Freeing one of the "four" from a magic candle.
      
As I was wrapping up my last entry, I had just found the necessary tools and information to complete the rest of the game, including the gray scroll, which I needed to free an Elden from the Candle of Anguish (in a dungeon I'd already cleared) and a magic conch shell needed to calm the southern waters and allow my party to sail to some uncharted islands.

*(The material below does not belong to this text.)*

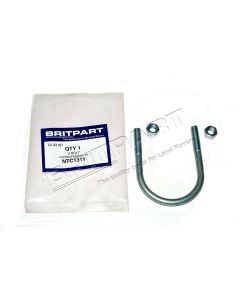 Obejma mocowania wydechu Defender 2,5 NA Diesel / 2,8 benzyna - NTC1311G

As this final session began, I returned to the first god I had awakened, Marior, who gave Lupi and Eflun the same boosts he had previously given the rest of the party, including +1 strength. This was enough to allow Lupi to wield her own bow. I then returned with the gray scroll to Telermain and researched the Candle of Pain.
      
Wow, 5! Don't hurt yourself with all that power, Lupi.
     
Hopping aboard a ship, I sailed it to the islands south of Gurtex, using the conch shell to clear the storms.
     
     
There were two islands, one quite large, and for some reason the "Teleport" spell didn't work on either of them, so I ended up fighting a lot of random combats. The largest island held a town called Pentyne, populated by the mysterious Altesens. They didn't want anything to do with the outside world and seemed upset by both my presence and that of some sorceress named Somona, whom I heard about but never found.
   
Lady, if I hadn't figured this out by now...
     
The centerpiece of Pentyne was a temple. As soon as I entered, the Altesen priest howled that I had fulfilled the prophecy, shoved the Orb of Light into my hands, and showed me the door, glad to be done with their part. They were happy enough to recite the Orb's prophecy, though, which included lines indicating we would need to "stride along the lands, [searching] for signs of pain and power...on arm, on head, on limping leg" and that by offering the Orb to the people so afflicted, "a touch transforms the glowing globe."
      
The Altesen washes his hands of the whole thing.
      
I instantly knew two of the people that the prophecy was talking about: Wartow in Wanasol, who bore the sign of the sun on his hand, and a lame boy named Timm in Telermain, who had a mark of a star on his knee. Returning to them with the Orb, I offered it to both of them, and sure enough something happened when they touched it.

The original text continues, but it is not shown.